Return every line from the records below that has the word "Shirt".
[MATERIAL SUPPLIED Boundary: Start]
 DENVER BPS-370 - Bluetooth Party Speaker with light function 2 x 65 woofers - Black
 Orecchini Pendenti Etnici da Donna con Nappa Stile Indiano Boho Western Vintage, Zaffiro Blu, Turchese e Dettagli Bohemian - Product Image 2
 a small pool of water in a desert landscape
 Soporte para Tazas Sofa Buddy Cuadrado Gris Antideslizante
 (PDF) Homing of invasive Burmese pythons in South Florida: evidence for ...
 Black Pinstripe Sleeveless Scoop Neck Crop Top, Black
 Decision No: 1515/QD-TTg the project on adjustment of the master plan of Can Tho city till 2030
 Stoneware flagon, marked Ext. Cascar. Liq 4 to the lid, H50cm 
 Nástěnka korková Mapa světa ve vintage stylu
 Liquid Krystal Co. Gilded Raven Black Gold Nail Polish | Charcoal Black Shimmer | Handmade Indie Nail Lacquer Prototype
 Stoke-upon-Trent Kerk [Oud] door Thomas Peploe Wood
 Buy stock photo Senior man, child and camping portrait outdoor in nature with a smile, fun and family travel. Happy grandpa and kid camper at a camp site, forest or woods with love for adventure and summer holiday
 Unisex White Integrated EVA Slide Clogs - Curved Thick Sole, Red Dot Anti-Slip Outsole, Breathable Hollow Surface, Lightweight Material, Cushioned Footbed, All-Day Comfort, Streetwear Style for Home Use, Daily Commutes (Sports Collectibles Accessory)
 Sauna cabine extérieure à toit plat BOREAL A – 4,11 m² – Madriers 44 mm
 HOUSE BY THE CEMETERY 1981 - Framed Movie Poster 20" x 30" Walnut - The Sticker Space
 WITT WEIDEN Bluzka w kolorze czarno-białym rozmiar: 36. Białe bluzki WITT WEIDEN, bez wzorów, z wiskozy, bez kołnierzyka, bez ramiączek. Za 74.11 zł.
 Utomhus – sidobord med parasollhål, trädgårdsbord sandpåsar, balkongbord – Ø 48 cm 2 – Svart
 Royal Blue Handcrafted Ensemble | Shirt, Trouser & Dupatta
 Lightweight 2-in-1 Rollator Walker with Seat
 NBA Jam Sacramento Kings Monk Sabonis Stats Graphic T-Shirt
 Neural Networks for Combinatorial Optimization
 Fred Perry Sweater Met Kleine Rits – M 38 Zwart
[MATERIAL SUPPLIED Boundary: End]
**PROBLEM SOLUTION**
 Royal Blue Handcrafted Ensemble | Shirt, Trouser & Dupatta
 NBA Jam Sacramento Kings Monk Sabonis Stats Graphic T-Shirt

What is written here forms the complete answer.